The hurdle ahead is getting the Senate to approve such a bill, Matt Salo, director of the health and human services committee with the National Governors Association, told this newspaper. “Ultimately, you need 60 votes in the Senate to get a bill through. While the Republican margin is a little larger after the elections, it's not 60,” Mr. Salo said.
Passage of the bill is possible, provided that all 55 Republicans in the Senate vote for it, Mr. Doherty said. “We'd also need to win over five Democrats to override a filibuster.” Achieving liability reform “would be a real test of the president's political capital. This is an uphill battle, but these battles have been won before.”
Physicians will have to decide which is more important: their desire for a Medicare payment increase or their desire for medical liability reform, a Republican House staff member said at a meeting sponsored by the American Bar Association.
“They've got two competing interests,” he said. And while some physician groups may pursue liability reform on the assumption that Congress is probably going to pass the payment increase anyway, that isn't necessarily the case, the aide told this newspaper.

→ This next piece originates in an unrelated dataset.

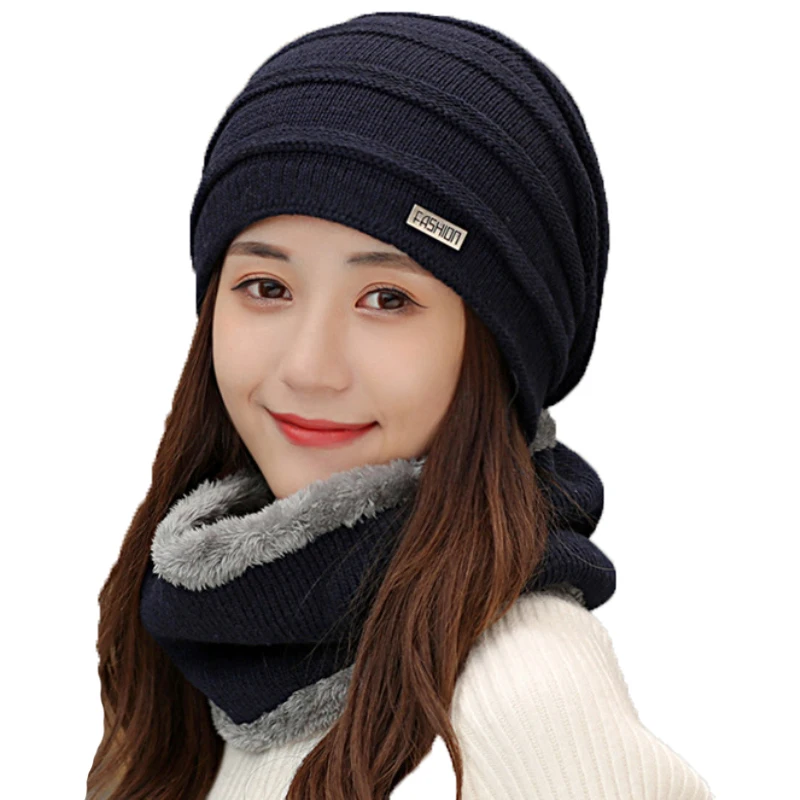Шапка шарф набор для мужчин и женщин Толстая теплая зимняя шапка бини с кольцом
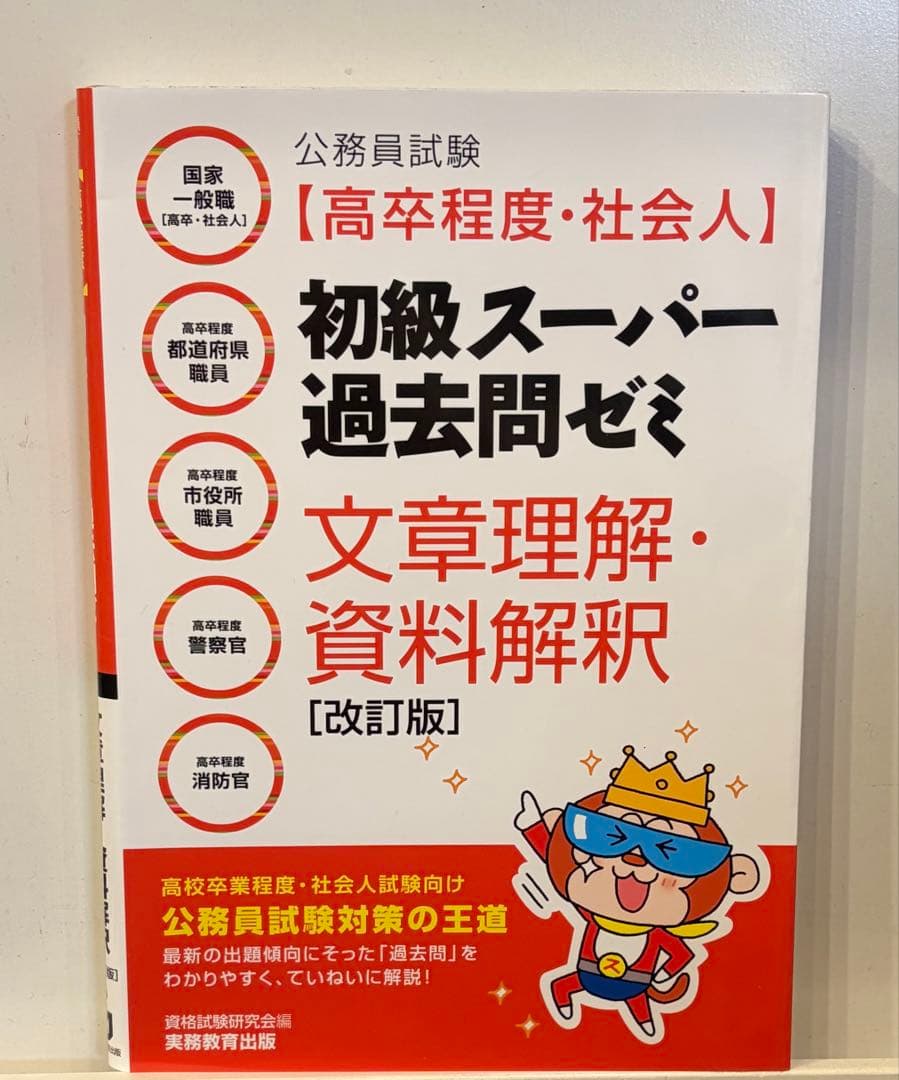 公務員試験対策 参考書・問題集 まとめ売り　数的処理ほか　※書き込みあり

Physicians are also holding their breath on the expected transition from the International Classification of Diseases, 9th Revision (ICD-9)—the current diagnosis and inpatient procedure classification system—to the 10th revision (ICD-10).
An upgrade had been recommended on the premise that the ICD-9 was too antiquated to address the need for accurate health care billing in today's technology-driven environment. But physician groups remain concerned that ICD-10 has the potential to drive up costs and add new hassles to physician practice.